The Southwestern Marine region contributes 20% of total crude output, and has increased its production by 129,000 bpd from 2004 to 2009. The Southern region contributed an additional 20% of total crude oil production. To increase the recovery factor in some important projects, such as Antonio J. Bermúdez, Delta del Grijalva and Jujo-Tecomiacán, Pemex is drilling additional wells and implementing pressure maintenance programs. This strategy has been partially successful, in that it has avoided output reductions at these fields. The Northern region, mainly dependent on the success of ATG, produces the rest of Mexico’s crude oil.
As for Mexico’s gas output, 64% of it is associated and 36% non-associated.
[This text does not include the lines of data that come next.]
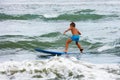 Little boy learning to surf in the stand on board Royalty Free Stock Photo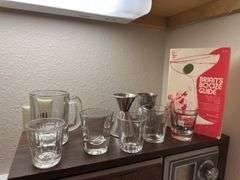 Sony radio, bar guide, car planter,  shot glasses, etc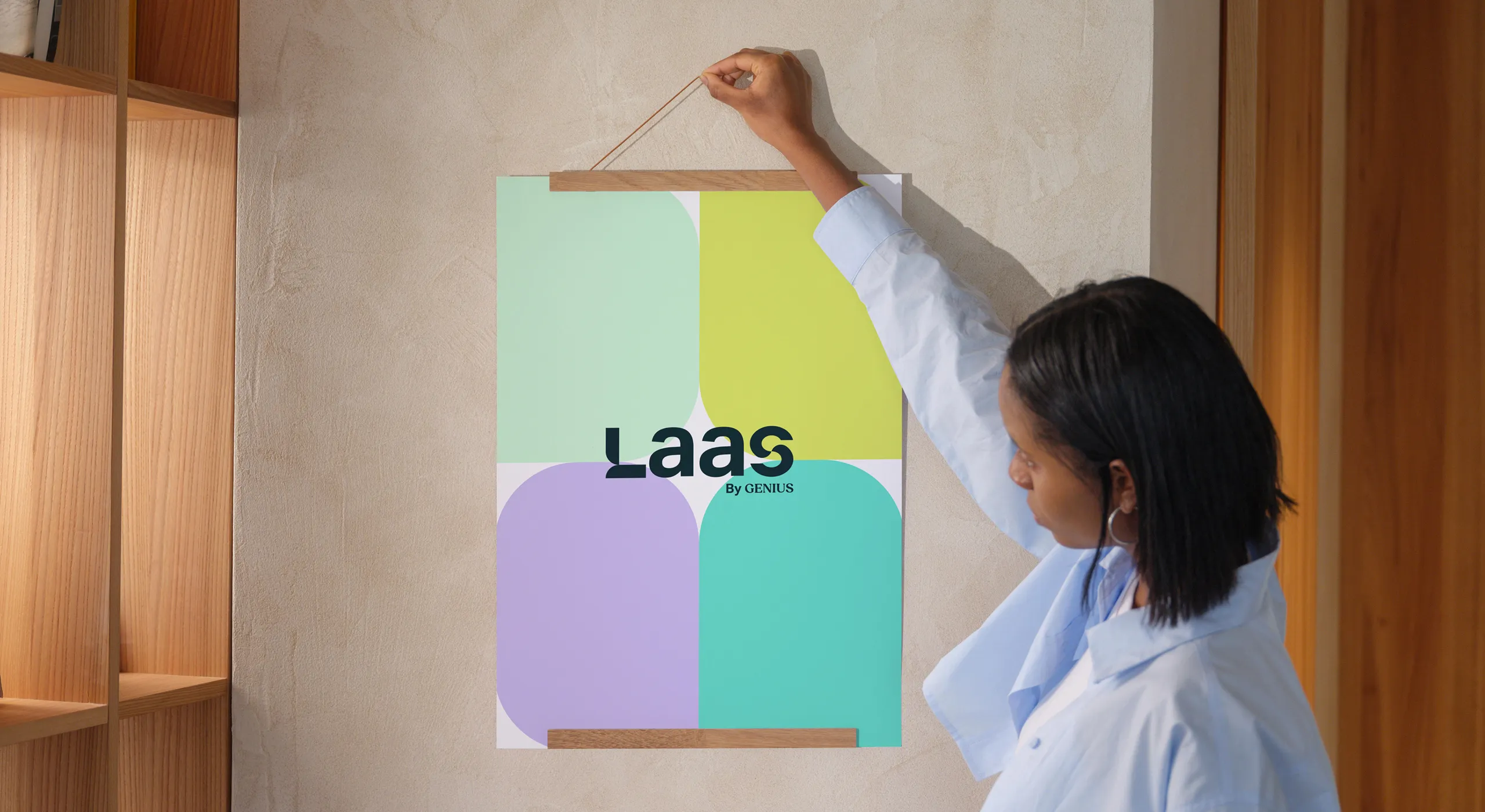 Person hanging a colorful poster on a textured beige wall in a wooden room.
Associated gas production increased in 2009 in the Southern and Marine regions, particularly in the Litoral Tabasco, KMZ and Macuspana business units. Burgos and Veracruz, in the North, contributed 59% and 32% of the total non-associated gas, respectively, despite a 27% reduction in output from three of the most important fields.
Pemex needs to make significant capital expenditures to maintain its current production levels and to increase its proved reserves. In the current market context, high oil prices could be a favorable factor to support the growth program at least in the next three years. The Mexican government maintains healthy finances that are supported by the available funds in the Stabilization for Pemex Investment in Infrastructure Trust and the Oil Revenue Stabilization Fund. And with the implementation of the 2008 energy reform, the company has reached some independence from the government in its decision process, in particular through the influence of the four new professional independent board members.
In the political arena, it is safe to state that no additional changes are expected in the Mexican legal framework at least until after the 2012 presidential elections, because the energy sector will not be a priority in the agendas of the political parties.